The survey found that 1 in 4 CROs estimate that their compliance costs will climb by over 50% and 2 in 3 estimated it will increase by up to 50% as a result of Consumer Duty legislation.

Aveni said, “The emphasis on consumer outcomes as a significant business metric is very apparent. Therefore it is an issue that must be taken more seriously at Board and executive level than it currently is.”

Aveni has established an AI based platform which analyses all customer interactions and mitigates against a range of risks from conduct and complaints to customer vulnerability.

This elevated level of risk insight, Aveni claims, will become essential in meeting data-intensive demands of Consumer Duty. The AI-enabled technology gives businesses an improved level of understanding of their customers and outcomes and puts data-driven technology at the heart of their operating model.

Of the compliance and risk officers interviewed, 59% stated that customer feedback does sufficiently affect business decision making due to a lack of monitoring and analytics abilities.

Meanwhile, less than one in four CROs were confident that they can accurately identify vulnerable customers during a call, with 40% finding it difficult to monitor and analyse customer vulnerability and complaints at all.

Despite FCA warnings that complaints data is not a valid indicator of customer outcomes it continues to be a metric deployed by CROS, with 93% surveyed in ths research saying that they still use it.

Aveni found that over 83% of those surveyed believe their companies will commit resource to meet Consumer Duty, but there are still some questions about where money should be invested at a senior level.

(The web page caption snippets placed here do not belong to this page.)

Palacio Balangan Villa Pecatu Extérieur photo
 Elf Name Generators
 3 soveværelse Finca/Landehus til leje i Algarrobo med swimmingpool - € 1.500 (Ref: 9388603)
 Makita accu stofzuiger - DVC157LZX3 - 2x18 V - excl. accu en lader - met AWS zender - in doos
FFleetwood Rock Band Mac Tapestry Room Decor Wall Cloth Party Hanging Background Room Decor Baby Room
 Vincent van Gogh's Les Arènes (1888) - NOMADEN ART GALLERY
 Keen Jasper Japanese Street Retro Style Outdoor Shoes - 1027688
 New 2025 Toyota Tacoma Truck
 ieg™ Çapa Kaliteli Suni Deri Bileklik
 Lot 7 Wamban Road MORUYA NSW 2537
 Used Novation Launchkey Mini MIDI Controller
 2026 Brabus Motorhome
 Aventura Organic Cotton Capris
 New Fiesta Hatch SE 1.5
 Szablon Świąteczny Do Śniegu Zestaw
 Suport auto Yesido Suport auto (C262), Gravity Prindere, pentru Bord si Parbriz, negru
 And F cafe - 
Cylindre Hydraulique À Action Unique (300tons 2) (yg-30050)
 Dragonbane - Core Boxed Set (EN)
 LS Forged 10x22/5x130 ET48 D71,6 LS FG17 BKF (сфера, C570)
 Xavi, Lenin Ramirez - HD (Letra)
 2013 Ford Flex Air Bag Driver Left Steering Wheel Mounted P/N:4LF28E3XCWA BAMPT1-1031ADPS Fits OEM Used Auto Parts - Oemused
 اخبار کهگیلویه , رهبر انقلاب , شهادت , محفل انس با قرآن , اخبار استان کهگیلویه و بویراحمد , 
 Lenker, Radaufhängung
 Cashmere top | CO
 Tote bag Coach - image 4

At the top of the investment priority list for Consumer Duty compliance CROs place staff training at 89%, technology to monitor customer data at 78%, and ability to automate the quality assurance process at 70%.

Aveni said the investment in tech was considered much more imperative compared to a 41% who had a desire to hire more staff across quality assurance and customer service (41%). It was estimated that the cost of compliance would be higher investing in staff than investing in technology.

Aveni CEO Joseph Twigg said, “Consumer Duty brings it all back to the customer and the outcomes for customers will be the key metric on which all financial services businesses will be measured. Quality and Risk Assurance are no longer tick box exercises and will require a crucial role for CROs or Risk and Compliance Managers to meet the demands being placed on them.  Technology is arguably the differentiator that will enable them to do this and enhance the regulatory and risk functions. This brings a whole new level of empowerment to the risk manager role and gives them the opportunity to maximise their value and effectiveness.

“With large investments being predicted and required to meet Consumer Duty it is vital that they are able to deliver, demonstrate and prove truly positive customer outcomes. Arguably the risk manager has the potential to derive far greater business value through technology and should have the opportunity and authority to select and assess the systems being used. Without this there is a real chance for non-compliance and the seriousness of those consequences – financially and even legally – should not be under-estimated.”